Reimagining Irrigation: A Key to Sustainable Agriculture
- Irrigation, often blamed for groundwater depletion, can become a powerful tool for transformation.
- Smart irrigation practices not only improve crop yields but also enable a shift towards growing pulses, vegetables, and oilseeds — crops that are more nutritious and water-efficient.
- These crops can boost rural incomes, provide livestock fodder, reduce migration, and increase dietary diversity.
Policy Disconnect
- India’s water-agriculture crisis stems from policy choices made decades ago.
- In Punjab, free electricity and paddy procurement replaced traditional cropping patterns.

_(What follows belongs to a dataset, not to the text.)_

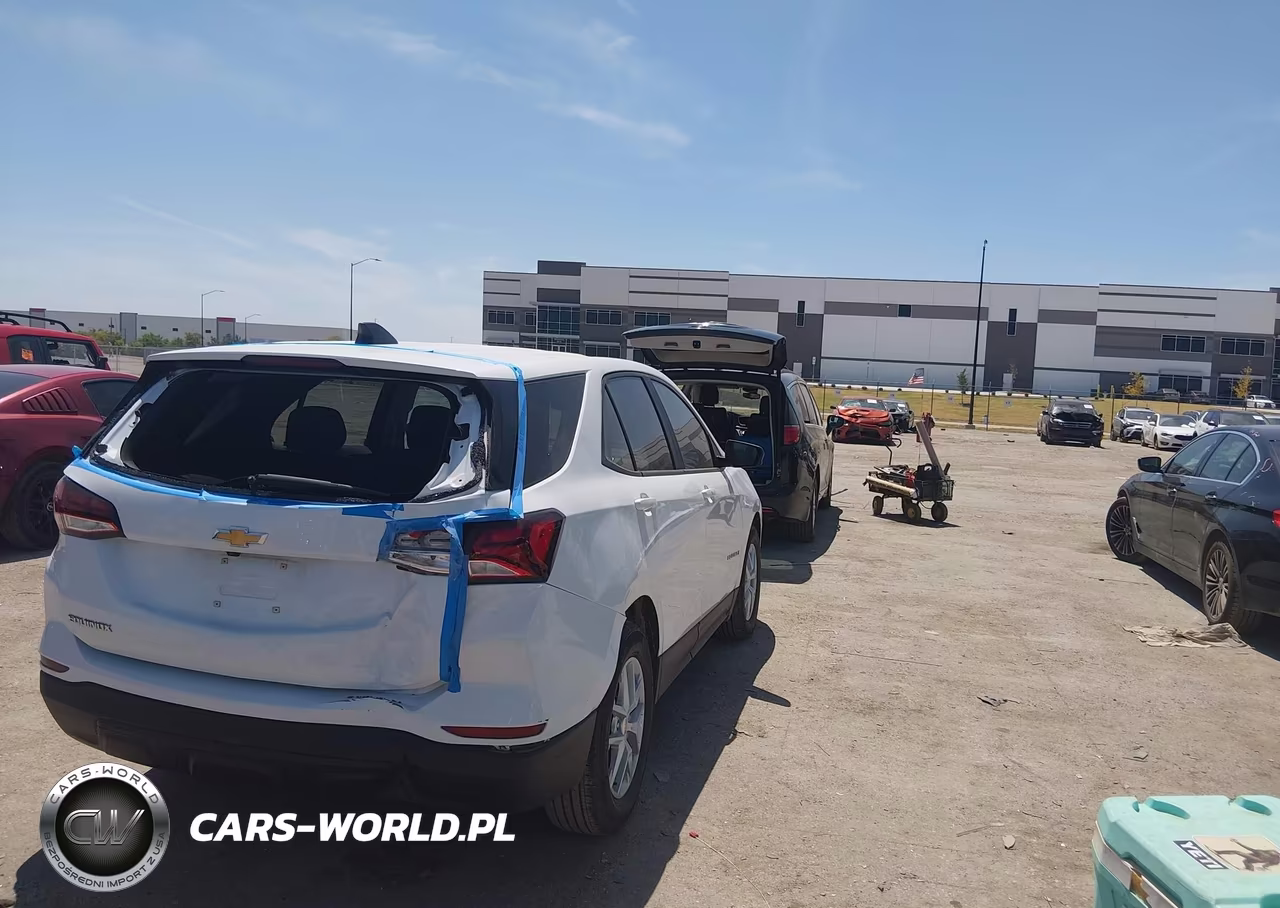 2022 Chevrolet Equinox Fwd Ls VIN:3GNAXHEV2NS233694 - 4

- In Maharashtra, sugarcane occupies just 4% of the state’s agricultural land but uses more than 70% of its irrigation water — especially disastrous in drought-hit districts like Solapur.
- However, Gujarat’s Jyotigram Yojana offers a model for reform.
- By separating domestic and agricultural power feeders and metering irrigation supply, groundwater extraction was reduced by 20%, and micro-irrigation systems expanded in arid regions like Saurashtra and Kutch.
Two-Pronged Strategy for Water Reform
To address the crisis, India must adopt a dual approach: boost water availability in underutilised regions such as eastern India and curb excessive water use in overdrawn zones like the northwest.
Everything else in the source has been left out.